## Listed records

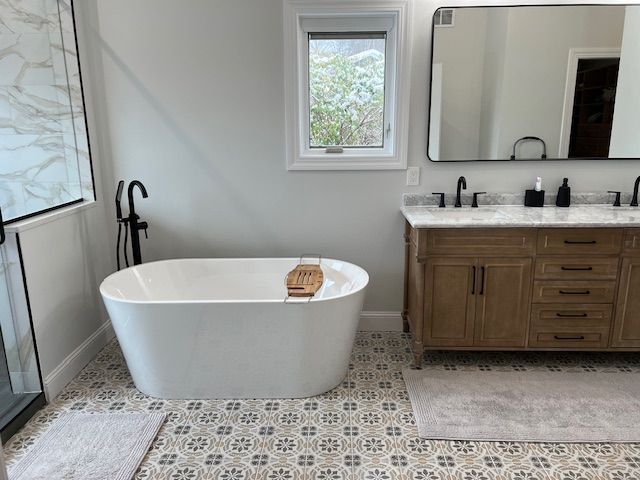 A bathroom with a bathtub , sink , mirror and window.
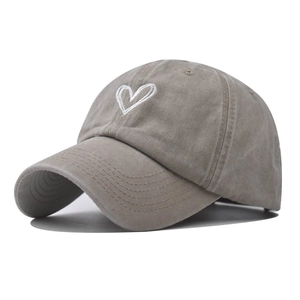Detailed view of white heart embroidery on washed cotton vintage baseball cap texture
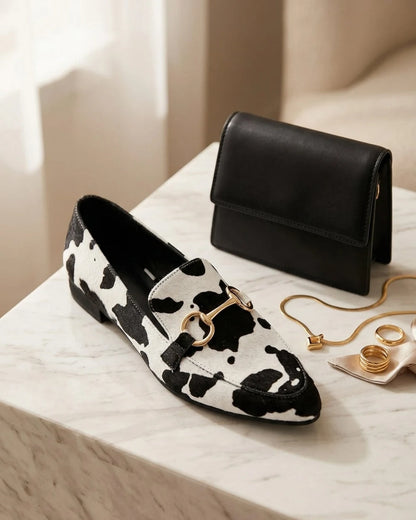 Octavia | Western Cow Print Buckle Flat Loafers — loafers-for-women-animal-print-slip-on-black-white-07-reference-view.webp
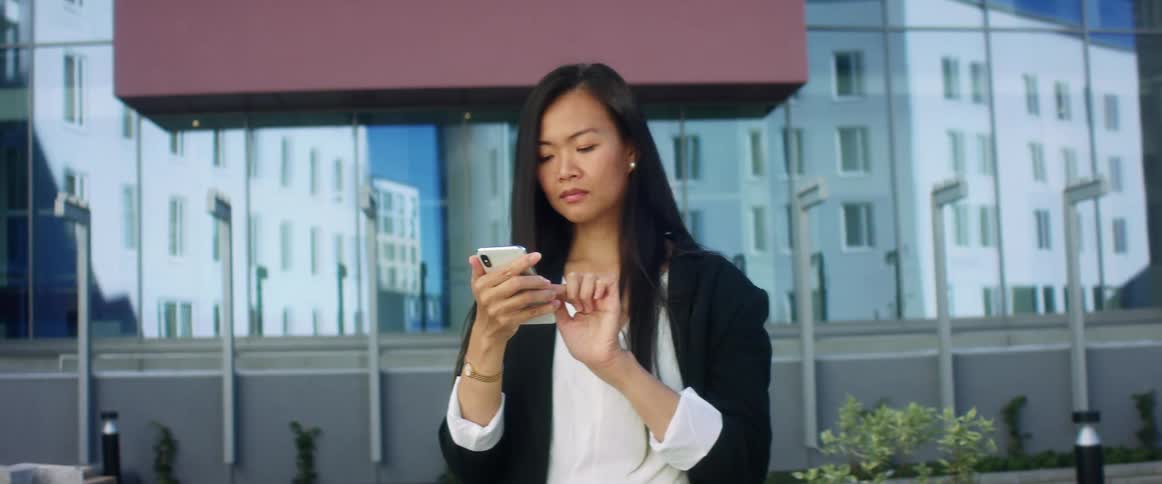 Asian woman with long straight hair uses an iphone smartphone in frontof a high rise building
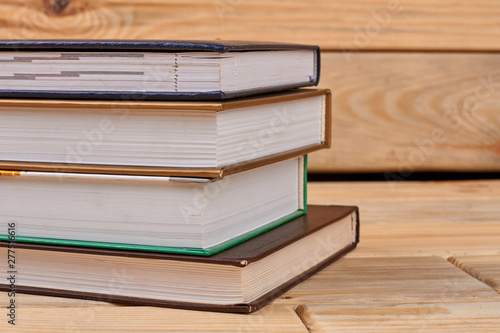 Four books on wooden background. Stack of books. Education and information concept.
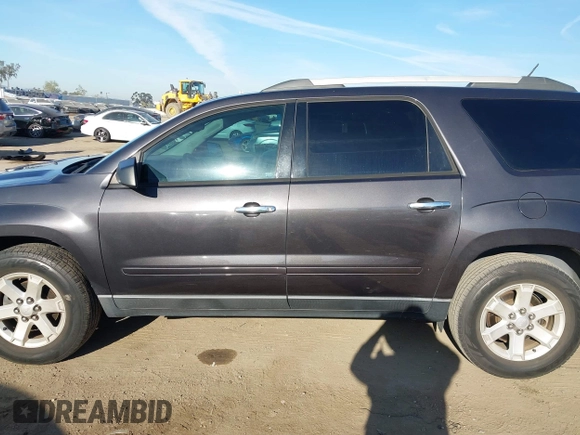 2014 GMC Acadia SLE with VIN 1GKKRNED0EJ359443, listed as a IAAI auction lot 41881129 with 100,998 mi miles and . Bid and sale history available at carsss.com. Image 14.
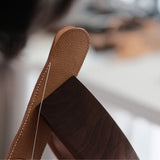 Custom leather pen sleeve cutting die with Japanese steel blade, wooden base, and built-in stitching holes. Made for clean cutting, accurate hole placement, and custom leather pen case production.
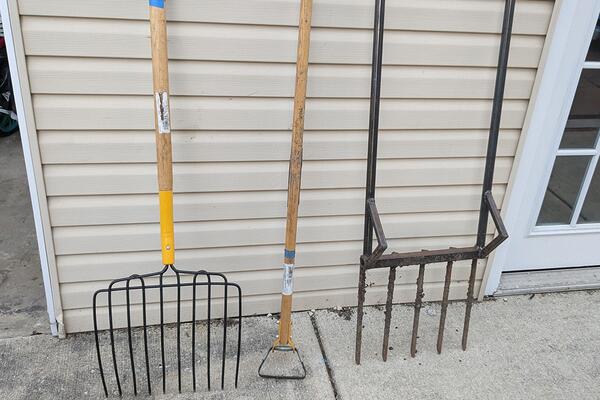 A row of garden tools including a silage fork, stirrup hoe, and broadfork all leaning against a house. 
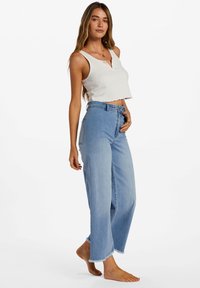 White ribbed crop top with a frayed hem paired with light blue wide-leg jeans featuring raw hem and front pockets. Model stands barefoot.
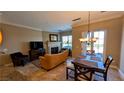 Living room features a stone fireplace, comfortable seating, and sliding glass door leading to the backyard at 16 Via Visione # 102, Henderson, NV 89011
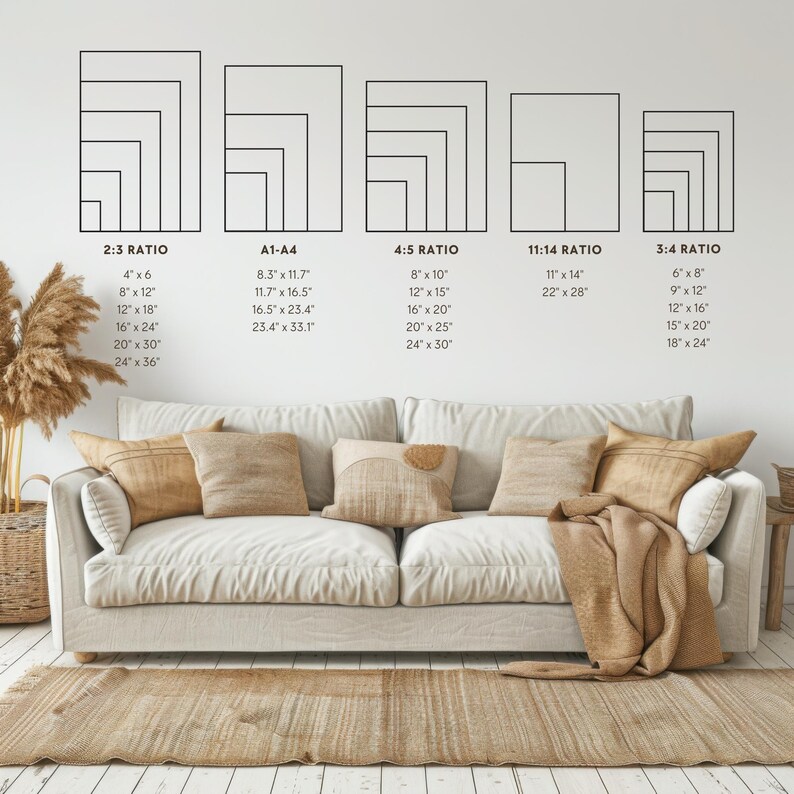 May include: A white sofa with three cushions and a throw blanket. A chart on the wall shows different aspect ratios for artwork with corresponding measurements in inches. The chart includes 2:3, A1-A4, 4:5, 11:14, and 3:4 ratios.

## Requirement
Write out exactly and only the lines that run from the start of the data above through the line containing "Four books on", leaving the pictures out.

## Solution to this task
 A bathroom with a bathtub , sink , mirror and window.
Detailed view of white heart embroidery on washed cotton vintage baseball cap texture
 Octavia | Western Cow Print Buckle Flat Loafers — loafers-for-women-animal-print-slip-on-black-white-07-reference-view.webp
 Asian woman with long straight hair uses an iphone smartphone in frontof a high rise building
 Four books on wooden background. Stack of books. Education and information concept.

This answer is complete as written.